Dabei sind extensiv genutzte Wiesen ökologisch überaus wertvoll, sie zählen zu den artenreichsten Lebensräumen hierzulande, wie die Stiftung betont. Die Kulturlandschaft Wiese habe über Jahrtausende einen Reichtum an Blüten und Strukturen hervorgebracht, der sie zu einem schützenswerten Teil Mitteleuropas mache. „Lebensräume wie diese zeigen, welch hohe Verantwortung wir übernehmen, wenn wir die Landschaft um uns herum überformen.“
Dem stimmt Ursula Higl zu. Die 56-Jährige aus Oberach bei Augsburg kommt selbst vom Bauernhof und arbeitet als Mesnerin und Kräuterpädagogin.

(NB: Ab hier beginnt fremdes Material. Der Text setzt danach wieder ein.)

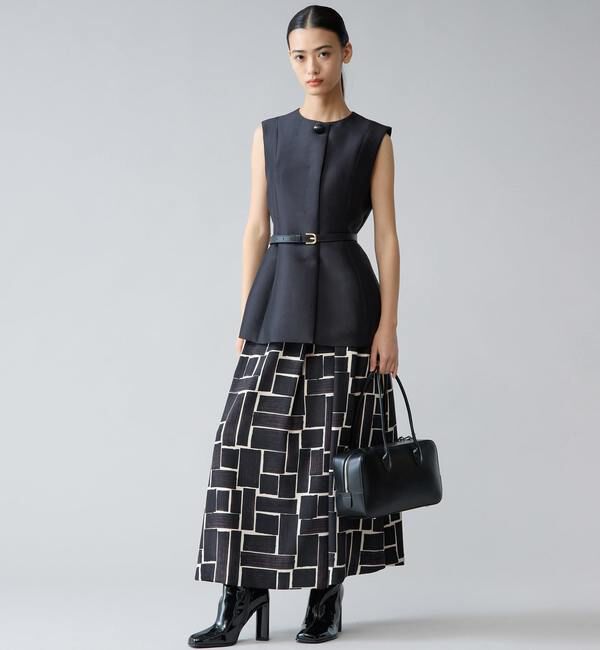 TIARA「ブラッシュマークプリントアシンメトリータックスカート」|スカート|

Als solche gibt sie ihr Wissen zum Beispiel regelmäßig vor dem Fest Mariä Himmelfahrt am 15. August weiter. „Dann werden Kräuterbuschen geweiht, um Segen zu erbitten. Maria gilt ja als große Blumenfreundin“, sagt Ursula Higl. „Bei diesen Buschen ist der Große Wiesenknopf traditionell ein wesentlicher Bestandteil.“
Auch in der Heilkunde und der Landküche spiele der Wiesenknopf eine Rolle, fügt Ursula Higl an. „Er ist bekannt für seine blutstillende, entzündungshemmende und entgiftende Wirkung sowie für seine frische und Vitamin-C-haltige Würze.“
Doch in deren Genuss werden künftig wohl immer weniger Menschen kommen. Denn dem Bundesamt für Naturschutz zufolge ist der Große Wiesenknopf auf dem absteigenden Ast, aktuell steht er auf der Vorwarnstufe der Roten Liste der bedrohten Arten. Langfristig werde der Bestand wohl stark zurückgehen.
Dabei ist der Große Wiesenknopf nicht nur für Brauchtum, Medizin und Küche wichtig, sondern auch für Schmetterlinge. Für zwei davon – den Hellen und den Dunklen Wiesenknopf-Ameisenbläuling
– ist die Blume sogar unverzichtbar. Wo sie nicht wächst, können die Tiere nicht überleben. Denn ihre Raupen fressen ausschließlich an dieser Pflanze. Und damit noch nicht genug der Exklusivität.
So sind die Falter nämlich noch auf einen zweiten Wirt angewiesen: Ameisen. Um zu ihnen zu gelangen, lassen sich die Raupen irgendwann von den Wiesenknöpfen zur Erde plumpsen und strömen einen speziellen Geruch aus. Dieser betört bestimmte Ameisenarten so sehr, dass sie die Raupen adoptieren und in ihren Bau schleppen. Dort angekommen, versorgen die Larven die Ameisen mit süßem Sekret aus ihren Honigdrüsen und vertilgen selbst Teile der Emsenbrut. Bei den Ameisen überwintern und verpuppen sich die Raupen auch. Im nächsten Sommer schließlich kriechen sie als frisch geschlüpfte Schmetterlinge aus dem Nest hervor. Verschwindet der Große Wiesenknopf, geht also mehr verloren als bloß ein eher unscheinbares Blümchen. Denn in der Natur ist so vieles eng verwoben und ganz fein aufeinander abgestimmt. Fein wie Haare aus dem Herrgottsbart.